1. Travel Time Reduction: Up to 49% Faster

BRT significantly reduced bus travel times due to dedicated lanes and signal priority:

• Base Scenario: 54–60 minutes per trip.
• Scenario 1 (5-minute headway): 37.6% reduction.
• Scenario 2 (3-minute headway): 49.1% reduction.

This means that a one-hour journey could be shortened to just 30 minutes, making public transport much more competitive with car travel.

2. Operational Speeds: Nearly 100% Increase

The average speed of buses was more than doubled under BRT conditions:

• Base Scenario: 11.8–13.3 km/h.
• Scenario 1: 20.2 km/h.
• Scenario 2: 26.2 km/h.

These improvements align with the city’s target of 20 km/h for trunk bus services.
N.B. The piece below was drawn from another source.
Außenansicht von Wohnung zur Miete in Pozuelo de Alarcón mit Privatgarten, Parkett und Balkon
3. Dwell Time Reduction: Up to 65.6% Less Waiting

With off-board fare collection and platform-level boarding, dwell times at stops were significantly reduced:

• Base Scenario: Average 35-70 seconds per stop.
• BRT Scenarios: Reduced to 15-30 seconds per stop.

Shorter dwell times prevent bus bunching, leading to better service regularity.
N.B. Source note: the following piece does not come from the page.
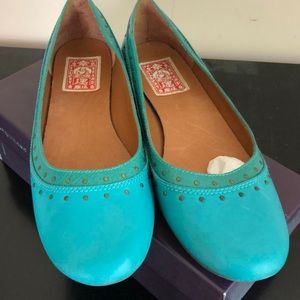 Turquoise studded Lucky Brand flats Size 10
4. Headway Regularity: 10x More Reliable

• The current system had a headway Coefficient of Variation of 0.83, meaning buses arrived at highly irregular intervals.
• In Scenario 1, this dropped to 0.1, meaning headways were much more consistent.

For passengers, this translates to shorter and more predictable wait times at bus stops.

5. Fleet Optimization: Fewer Buses, Same Capacity

By reducing travel times, fewer buses were needed to maintain the same frequency:

• Current system: 27 buses required for peak service.
• BRT Scenario 1: Only 13 buses needed for a 5-minute headway.
• BRT Scenario 2: 21 buses for a 3-minute headway.

This means that operating costs could be reduced while maintaining or even improving capacity.

Conclusion: Why PTV simulation matters for future BRT planning

The study showed that a complete BRT corridor could dramatically improve bus operations in Stockholm, making transit faster, more reliable and more attractive to passengers. Using PTV Vissim and Viswalk, it was possible to quantify these benefits in a detailed and data-driven manner, providing insights that can support future planning efforts.

For cities considering BRT investments, microscopic simulation is a powerful tool for evaluating different strategies prior to implementation. In the case of Line 4, the results suggest that prioritizing high-capacity bus service through dedicated infrastructure could be an important step toward a more efficient and sustainable public transportation network.